Moments after the blast, Sarah’s twin brother rushed in, picked her up and carried her away to safety.
“Everything was gone,” Sarah said. “Everything was broken.”
THE EARLY DAYS
Before the Iraq War broke out in 2003, Sarah said her life – by most accounts – was happy and normal. As a high schooler, she was beginning to cultivate her newfound fascination with computers and had just completed her first programming class.
A stark contrast to the tech landscape in Western culture, Sarah said the majority of her fellow programming students were women, adding that men in the country tended to gravitate toward mechanical or defense jobs.
“I really liked it,” she recounted. “It was really interesting to me.”
Her family was happy, too. Her mother and father built and ran a restaurant, serving up Mediterranean dishes to the neighborhood.
“It was nice,” Sarah explained. “I have a big family. If I needed anything… I could call up my aunt or uncle… and they would help me.”
However, as the war raged on and Al-Qaeda took a stronger hold on the city, it became heartbreakingly clear that her family couldn’t stay in Baghdad for much longer. Sarah explained that because her mother is Sunni and her father is Shia, the mixed religions in her household made her family a target for the terrorist group.
“They told us they would kill us if we stayed,” Sarah said. “So, we left.”
A NEW LIFE AWAY FROM HOME
Desperate to escape the ongoing war and the increasing threats from Al-Qaeda, Sarah’s family closed their restaurant and relocated to Egypt.
“Egyptian people welcome Iraqi people... they love Iraqi people,” Sarah said.
Not long after settling into her new home, Sarah enrolled into a prestigious university in Cairo, where she was finally able to immerse herself into programming.
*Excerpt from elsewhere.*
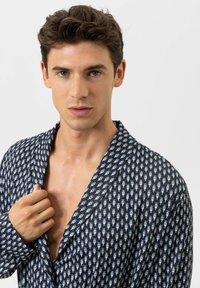 Chemise bleu marine à motif avec col châle, présentant de petits designs bleu clair. Fabriquée dans un tissu lisse, avec une coupe décontractée et un devant ouvert.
Sarah would often stay at school late into the night, workshopping and programming games to help broaden her computer skills.
Shortly after graduation, Sarah realized she needed to move again – not because her life was again in danger, but because workplaces where she could use her programming skills were virtually nonexistent.
“There were no jobs in Egypt, no opportunities,” Sarah explained. “So that’s when we decided to move to the US.”
FINDING A PLACE IN AMERICA
Sarah’s family first landed in Oklahoma, where she accepted a job as a Quality Control Engineer for a software company. She then took on another position in the Oklahoma City area, flexing her talents at a payroll provider, implementing new application software.
“It’s so quiet in the US, “she said. “There is a system for everything. It’s not messy… it’s organized. I felt safe here.”
Then, Sarah headed East, taking a job as an auditor for a large aluminum company in the Pittsburgh area.
At this point, things were going well for Sarah. She was doing meaningful programming work, her family was enjoying their new life in America and she met and married the love of her life.
“My husband is very supportive,” Sarah said. “He’s awesome.”
With her husband cheering her on, Sarah then enrolled into Northwestern University and received her Master of Science in Information Systems (MSIS).
New degree in hand, Sarah began applying for jobs when a company in South Bend, Indiana caught her eye.
(Spoiler Alert: It was MTI.)
JOINING THE MTI FAMILY
“I loved the people, they were so nice to me,” Sarah said, recalling her in-person interview at MTI’s global headquarters. “The interview went really well, and I was so happy to accept the job.”
Sarah’s supervisor, with whom she just so happens to share a first name, took Sarah under her wing, and helped get her up-to-speed on programming friction welding machines.
“Sarah [Wiseman] is awesome,” Sarah said of her supervisor. “She is so supportive, and I am learning so much from her.”
Much of Sarah’s prior work history involved working for larger companies, so Sarah said the more intimate environment at MTI made her feel more welcome.
“It’s like family… everybody helps each other,” Sarah said.
Today, Sarah is helping program the software that helps run MTI’s friction welding machines – but she doesn’t want to stop there. With more experience under her belt, she wants to build her own new software for the machines – coding it all from scratch. Sarah says, based on the support she’s received so far, she feels ready to take on the challenge.
“Every day I’m doing something different – it’s challenging,” Sarah said. “It’s awesome for me because I’m learning. The controls department is great in teaching me.”